For intrinsics that don't have a directly corresponding (unpredicated) LLVM IR instruction, is there still a way to use this information in SelectionDAG?

Truth be told I'm not entire sure how this will play out. I'm not sure whether it's better to use the information within the IR as I'm doing in this patch or whether this should be used solely when lowering IR to DAG. So it's really an experiment to see what sticks while proving a route to fix some of the issues we've already observed with how we represent the X forms.

Predicated->unpredicted aside another use for encoding undefiness is that it helps with things the FMAs where we can use FMAD if that better suits register allocation much like we do for stock IR.

the select instruction itself has strict rules relating to poison that hampered the intent of this change

For my understanding, can you elaborate what these strict rules regarding poison are that hamper such a change, and what it was that you tried?

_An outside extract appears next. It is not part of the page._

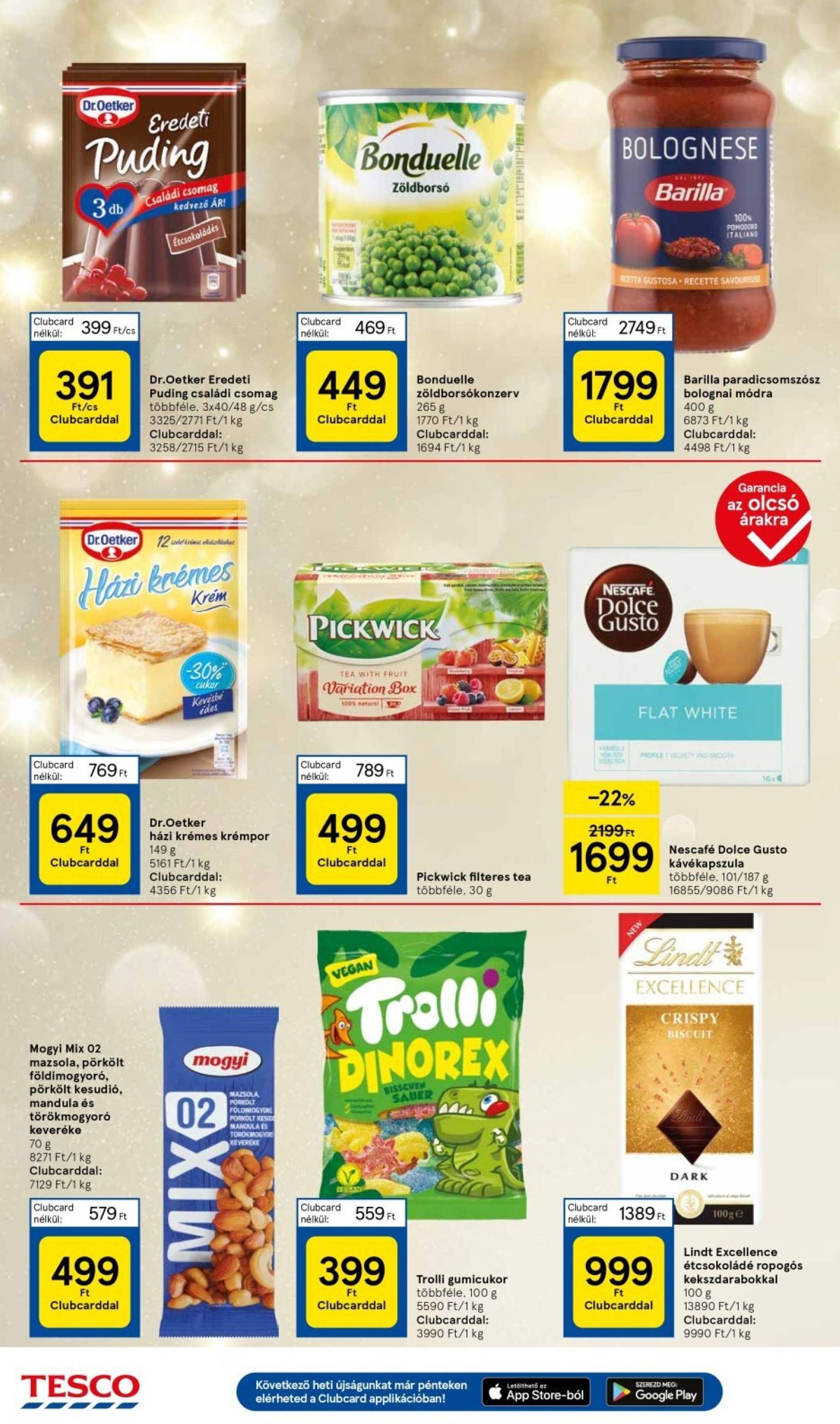 tesco - Tesco Szupermarket akciós újság, érvényes 12.05. - 12.11. - page: 4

The LangRef states the transformation "select P, A, undef ==> A" is only valid when you can prove the inactive lanes of "A" do not contain poison. I'm unsure if this is a true blocker or a mere inconvenience because to maintain the maximum amount of information we likely don't want to remove the selects anyway. I went down this path by creating an SVE undef intrinsic, which nothing knows about and thus will be left alone. The problem is that it massively polluted the IR and I was worried it'll make it harder to spot/implement the typical combines. For sure the existing combines will need to be changed because they'll not know to look through the new selects.

There is the option to change the clang builtin lowering to provide finer control over which builtins emit these selects, but that just means more changes (updates to existing instcombines) each time we decide a builtin is worth the extra select.

I'll keep experimenting but as I mention within the in code comment, the likely best solution is to have dedicate intrinsics with this being the least intrusive hack.

Perhaps the key word there is "hack" :) I'll investigate the dedicate intrinsics route because perhaps we only require a handful to get the majority of the benefit.

paulwalker-arm planned changes to this revision.Jan 11 2023, 5:30 PM

Just a heads up that I'm likely to abandon this patch because as predicted implementing dedicated intrinsics is looking like the better design and most all the code generation plumbing is already present and so even the implementation is minimal.

paulwalker-arm abandoned this revision.Feb 6 2023, 6:55 AM

D141939 turned out to be the better approach.